Converses of theorems aren't always true, and this converse isn't. The problem is that f'(x) can be zero at a single point and not prevent the function from being strictly increasing. Look at the graph of f(x) = x^{3} at x = 0. Slope 0 and horizontal tangent line there, but still x < y implies x^{3} < y^{3} so the function is strictly increasing.

This is silly. Forget the converse and logic. I have to use language first. When I read that sentence, I have to ask myself what does the term strictly increasing mean? Well, I would go to that definition.

Since the definition of increasing includes bigger than or equal to zero, what else would I conclude? Why is not valid to say this is an increasing function?

Oh, I forgot about that last part.

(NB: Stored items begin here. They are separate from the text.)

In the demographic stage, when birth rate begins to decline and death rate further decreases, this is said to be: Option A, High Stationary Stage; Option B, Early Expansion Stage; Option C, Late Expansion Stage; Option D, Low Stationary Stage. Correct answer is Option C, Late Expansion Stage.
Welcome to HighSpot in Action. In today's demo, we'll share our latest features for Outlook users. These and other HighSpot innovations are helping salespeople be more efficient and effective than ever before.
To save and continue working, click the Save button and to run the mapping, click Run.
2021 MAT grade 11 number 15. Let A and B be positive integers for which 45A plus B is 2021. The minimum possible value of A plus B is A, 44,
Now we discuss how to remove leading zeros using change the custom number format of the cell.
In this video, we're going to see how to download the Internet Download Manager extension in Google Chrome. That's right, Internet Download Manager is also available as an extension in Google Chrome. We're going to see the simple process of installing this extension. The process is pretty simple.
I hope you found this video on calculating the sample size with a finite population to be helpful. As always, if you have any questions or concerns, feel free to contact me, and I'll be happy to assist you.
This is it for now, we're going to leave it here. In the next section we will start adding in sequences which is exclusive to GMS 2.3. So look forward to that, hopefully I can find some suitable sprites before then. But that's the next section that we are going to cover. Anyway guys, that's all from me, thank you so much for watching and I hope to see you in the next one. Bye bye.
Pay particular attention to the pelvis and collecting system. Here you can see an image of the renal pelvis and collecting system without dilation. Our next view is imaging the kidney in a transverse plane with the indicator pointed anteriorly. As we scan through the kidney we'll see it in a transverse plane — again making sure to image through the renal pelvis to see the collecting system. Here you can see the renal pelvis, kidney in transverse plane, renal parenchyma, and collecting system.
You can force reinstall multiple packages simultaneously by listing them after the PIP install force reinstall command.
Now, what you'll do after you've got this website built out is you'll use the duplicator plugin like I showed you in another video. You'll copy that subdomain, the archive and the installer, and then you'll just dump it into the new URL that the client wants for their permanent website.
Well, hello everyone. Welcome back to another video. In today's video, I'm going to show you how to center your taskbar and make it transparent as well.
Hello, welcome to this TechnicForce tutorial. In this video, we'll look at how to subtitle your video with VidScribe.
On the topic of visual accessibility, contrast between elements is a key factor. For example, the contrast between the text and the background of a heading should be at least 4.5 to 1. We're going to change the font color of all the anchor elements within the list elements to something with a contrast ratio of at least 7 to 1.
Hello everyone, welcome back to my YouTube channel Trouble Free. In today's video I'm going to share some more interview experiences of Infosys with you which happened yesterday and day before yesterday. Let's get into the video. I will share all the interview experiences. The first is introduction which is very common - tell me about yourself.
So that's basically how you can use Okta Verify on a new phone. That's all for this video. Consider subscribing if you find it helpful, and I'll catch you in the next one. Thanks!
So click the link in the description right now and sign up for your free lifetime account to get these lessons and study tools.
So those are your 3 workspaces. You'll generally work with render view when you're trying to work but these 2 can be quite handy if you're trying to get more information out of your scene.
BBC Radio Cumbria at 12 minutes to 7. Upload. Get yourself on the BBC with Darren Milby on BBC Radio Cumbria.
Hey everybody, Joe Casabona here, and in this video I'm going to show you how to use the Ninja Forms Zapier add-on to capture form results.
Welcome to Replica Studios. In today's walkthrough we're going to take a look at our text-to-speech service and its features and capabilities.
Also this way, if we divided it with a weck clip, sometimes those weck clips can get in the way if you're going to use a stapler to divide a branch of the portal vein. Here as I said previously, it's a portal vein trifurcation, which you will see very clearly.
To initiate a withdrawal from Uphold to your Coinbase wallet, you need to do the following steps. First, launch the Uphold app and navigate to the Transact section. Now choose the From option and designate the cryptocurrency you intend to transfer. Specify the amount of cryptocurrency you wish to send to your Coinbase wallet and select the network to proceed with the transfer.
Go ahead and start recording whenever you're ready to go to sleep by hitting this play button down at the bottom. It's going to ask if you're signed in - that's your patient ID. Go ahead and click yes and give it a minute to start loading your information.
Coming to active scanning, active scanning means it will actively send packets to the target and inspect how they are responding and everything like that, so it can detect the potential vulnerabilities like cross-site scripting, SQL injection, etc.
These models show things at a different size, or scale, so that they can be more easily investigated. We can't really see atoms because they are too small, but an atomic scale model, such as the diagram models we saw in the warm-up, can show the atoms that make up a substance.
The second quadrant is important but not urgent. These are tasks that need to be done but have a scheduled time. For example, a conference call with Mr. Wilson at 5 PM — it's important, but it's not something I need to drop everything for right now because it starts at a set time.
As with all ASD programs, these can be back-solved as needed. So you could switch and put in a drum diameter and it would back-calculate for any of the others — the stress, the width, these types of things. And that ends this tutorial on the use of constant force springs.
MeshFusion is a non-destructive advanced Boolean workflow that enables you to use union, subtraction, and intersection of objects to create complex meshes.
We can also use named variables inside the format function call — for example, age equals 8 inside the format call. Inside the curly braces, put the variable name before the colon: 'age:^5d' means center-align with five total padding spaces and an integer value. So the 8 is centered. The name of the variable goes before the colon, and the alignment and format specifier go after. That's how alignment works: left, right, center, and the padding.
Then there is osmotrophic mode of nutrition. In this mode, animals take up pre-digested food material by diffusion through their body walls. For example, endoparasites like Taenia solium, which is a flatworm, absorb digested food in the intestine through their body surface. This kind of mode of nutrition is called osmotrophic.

It seems the derivative characterization is simply a general tool to determine if a function is strictly increasing, but there are some point-wise exceptions. The essential aspect of it is to determine is if x < y, then f(x) < f(y).

The difference between increasing versus strictly increasing is the difference between <= and <.

If a function is increasing on an interval [a, b], and if x < y, then f(x) <= f(y).
If a function is strictly increasing on an interval [a, b], and if x < y, then f(x) < f(y).

The function f(x) = 3 would be considered increasing, but not strictly increasing. (Note that f'(x) = 0 on any interval.)

The function g(x) = 2x + 1 is strictly increasing. Note that g'(x) = 2 > 0 on any interval.

No. I didn't mean your response is silly. I was talking about the problem. I forgot about the most important part which is the last thing you mentioned. Your response elucidated it for me. Thanks.

Yeah, I was being a bit singleminded in this by just focusing on the derivative condition in the theorem and statement. I forgot that what determines strictly increasing is if x < y, then f(x) < f(y). In the case of x^{3}, even though there is a point which the derivative is zero, the strictly increasing property still holds, like the first guy mentioned.